Ortho Flashcards
Common ortho congenital defects?
- clubfoot (most common)
- developmental dysplasia of the hip (DDH)
- legg-calve-perthes disease (hip osteonecrosis)
- spine deformities (scoliosis and kyphosis)
- muscular dystrophy
- limb defects
What is clubfoot? How common? Tx?
- Talipes equinovarus
- 1/1000 births, 50% bilateral
- anatomic changes: talus plantar flexed, heel cord tight, fore foot adducted/supinated
tx: - most can be tx conservatively
- Ponseti method: casting +percutaneous heel cord lengthening (gold std)

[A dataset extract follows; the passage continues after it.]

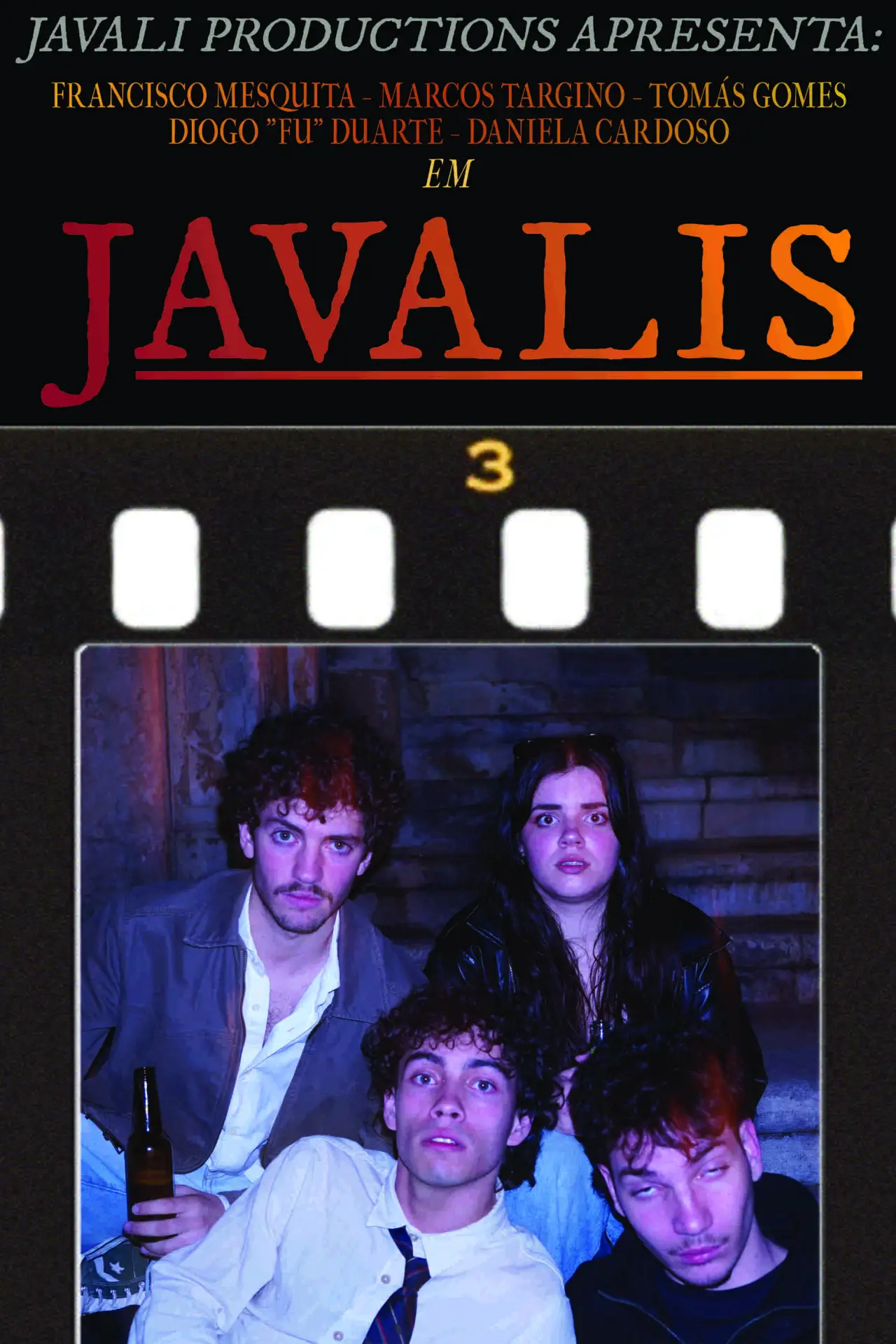 Постер к фильму "Javalis"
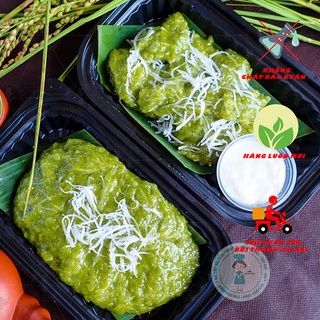 Cốm Xào Dừa Non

- severe, long-standing deformity may require several surgeries
- serial casting, bracing
What is DDH? Incidence? Presentation?
- loss of normal femoral head-acetabular relationship/stability: 2.7-17/1000 live birhts
- caused by physiological and mechanical factors: ligamentous laxity, hormonal and familial factors, breech position and congenital deformities
- wide range of presentations:
- hip that is reduced but is unstable and can be dislocated
- dislocation can be reduced
- fixed dislocation that can’t be reduced
- bony deformities that reqr surgery
- all cases may not be detectable at birth: late cases are not always cases of missed dx
- routine sonography isn’t cost effective
What is Barlow and ortolani test?
- barlow: hip is reduced but can be dislocated
- ortolani: hip is dislocated but can be reduced
(clunk positive sign while being reduced) - lack of full abduction: hip is out and it can’t be reduced
Tx of DDH?
- depends on extent of defomrity and if hip can be reduced
- if hip can be reduced, harness or pillow first 6 months of life, confirm reduction with u/s after 3 weeks, effective 90% of time
- if hip won’t stay in, reduce under anesthesia, hold with spica cast: confirm reduction with U/S after 3 weeks, femoral head isn’t visible on x-ray for 4-6 months
- if it still won’t stay in: need surgery, femoral and/or acetabular osteotomy
- if femoral head can be held in normal relationship with socket: pt will develop a normal hip
Hip abduction devices?
- pavlik harness (most common)
- Frejka pillow
- boch harness
What is Legg-Calve-Perthes Disease?
- males 3-11
- loss of blood supply to femoral head:
head can collapse and subluxation of femoral head, eventually revascularizes, but may not occur until fixed deformity present - variable hip/knee sxs: limping and pain
- limited internal rotation and abduction of hip
Tx of Legg-Calve-Perthes disease?
- reduce pressure on femoral head: relative rest braces, crutches traction adductor muscle release - correct resulting deformity: femoral and/or acetabular osteotomy (later on in life)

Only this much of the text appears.